In Kerbawy v. McDonnell, the Delaware Court of Chancery affirmed the validity of a solicitation of written consents that removed certain directors and appointed new directors. A key theme of the opinion is that stockholders are free to act unilaterally by written consent and an incumbent board is not entitled to a “full and fair debate” in the course of a consent solicitation.
Plaintiff Kerbawy was a stockholder of ACell, Inc. and initiated the consent solicitation. He was assisted to some extent by Mr. DeFrancesco, a member of the ACell board during the consent solicitation and who was also ACell’s largest stockholder. Kerbawy filed the action in the Delaware Court of Chancery the same day he delivered the consents to ACell. He sought a declaratory judgement that the Defendant directors were validly removed by the written consents. Because the burden of proving that a director’s removal or election is invalid rests on the party challenging the invalidity, the burden fell on the Defendant directors that were removed.
Among other things, the Defendants claimed Kerbawy made misleading disclosures in the course of the consent solicitation. The court found that Kerbawy did not have a duty of disclosure because he was not a director, officer, controlling stockholder or member of a control group. Defendants also contended that DeFrancesco’s duty of disclosure as a director was imputed to Kerbawy as a result of DeFrancesco’s participation in the consent solicitation. The court declined to follow the Defendant’s reasoning, noting that the challenged disclosures were Kerbawy’s, and not DeFrancesco’s. The court, however, ultimately did not rule on the issue because the court found even if Kerbawy did owe a duty of disclosure, the disclosure violations identified by Defendants were not sufficient to justify setting aside the consents on equitable grounds.

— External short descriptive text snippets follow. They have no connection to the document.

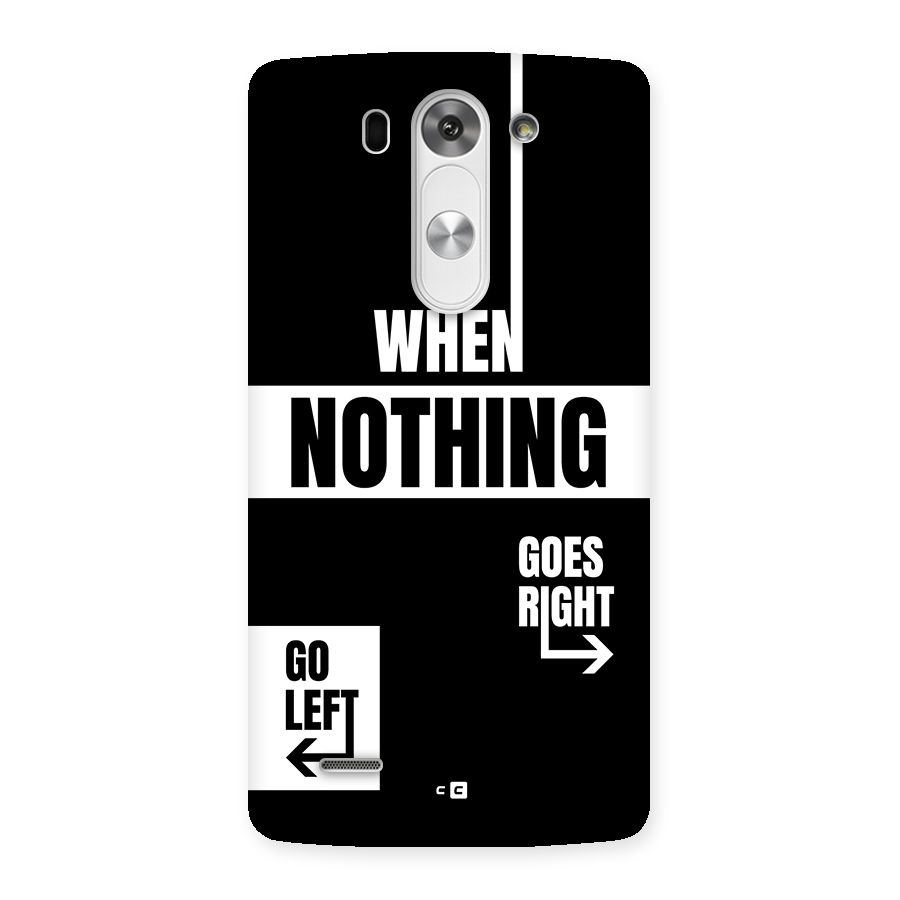 Alternate Plan Back Case for LG G3 Beat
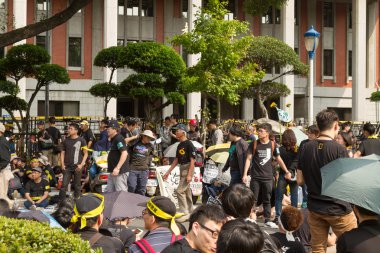 Taipei, Tayvan, 30 Mart 2014. yüz binlerce kişi p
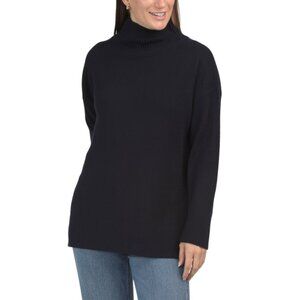 VINCE Coastal Wool And Cashmere Blend Drop Shoulder Turtleneck Sweater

The Defendants also argued DeFrancesco provided Kerbawy with confidential information that was used in the consent solicitation in violation of DeFrancesco’s duty of loyalty. While acknowledging that disseminating the information without obtaining confidentiality agreements from recipients might be negligent or grossly negligent, the court found several problems with the Defendant’s argument. First, the documents were fairly unremarkable that were subject to inspection under a books and records demand and did not constitute trade secrets or valuable proprietary information. Second, the Defendants could not point to any harm to ACell as a result. While the Defendants argued that the misuse of confidential information allowed Kerbawy to keep the consent solicitation secret, the court rejected this premise as the board has no right to prevent a stockholder from engaging in a “secret” solicitation.